(Beginning of Recorded data)

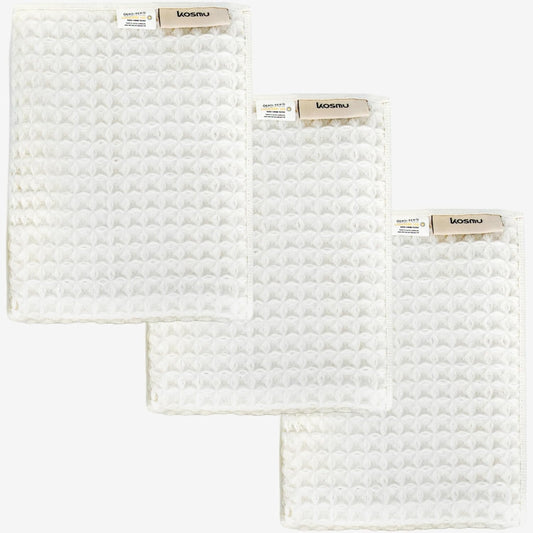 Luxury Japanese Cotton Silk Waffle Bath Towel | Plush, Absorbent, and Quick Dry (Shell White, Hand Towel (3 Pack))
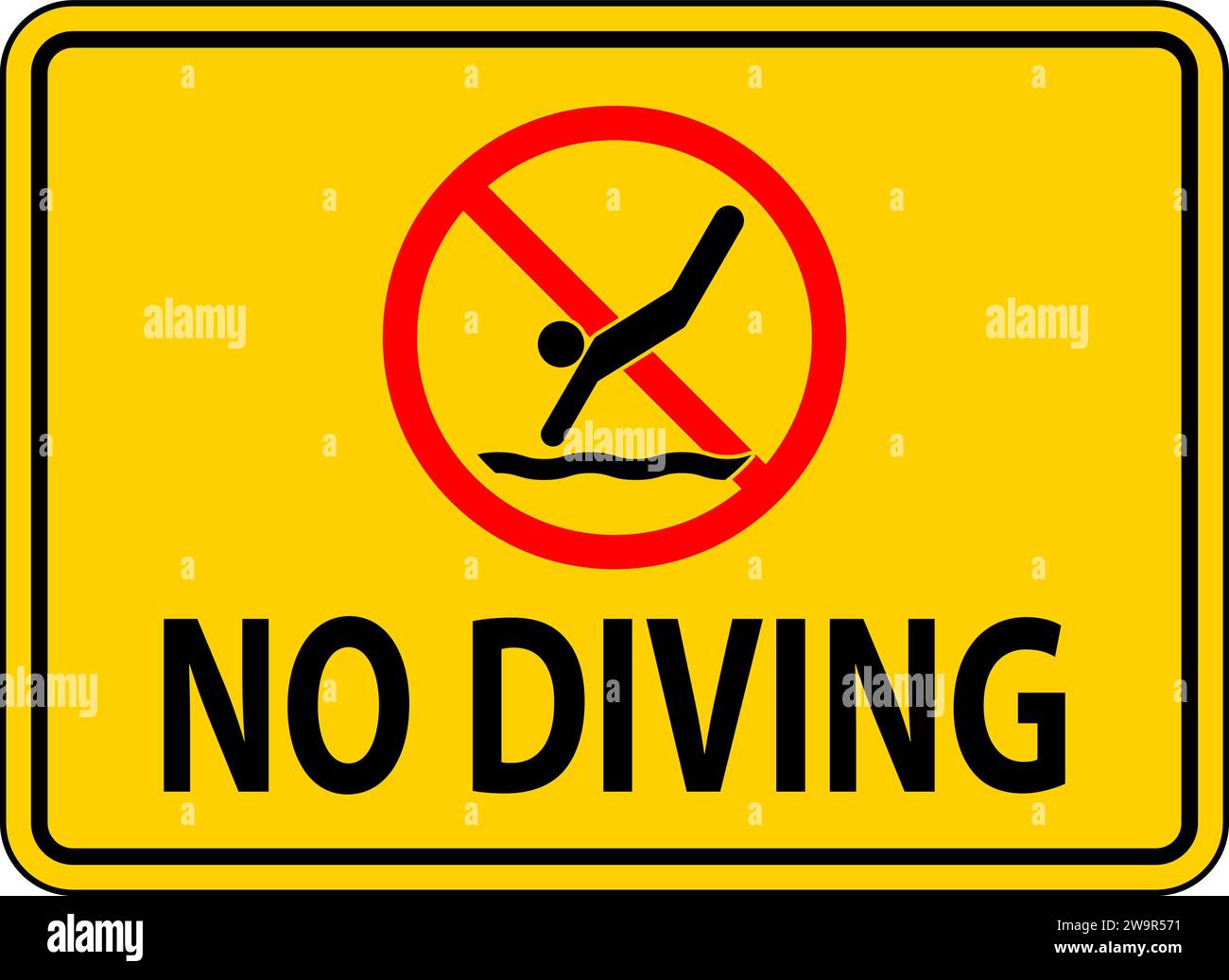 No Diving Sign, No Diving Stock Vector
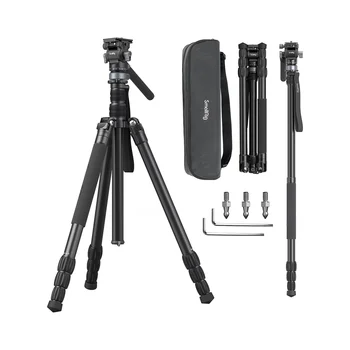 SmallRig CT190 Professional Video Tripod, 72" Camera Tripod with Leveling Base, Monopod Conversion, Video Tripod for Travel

(End of Recorded data)

**Work order**
Copy the data word for word and omit every picture.

**Worked solution**
 Luxury Japanese Cotton Silk Waffle Bath Towel | Plush, Absorbent, and Quick Dry (Shell White, Hand Towel (3 Pack))
 No Diving Sign, No Diving Stock Vector
 SmallRig CT190 Professional Video Tripod, 72" Camera Tripod with Leveling Base, Monopod Conversion, Video Tripod for Travel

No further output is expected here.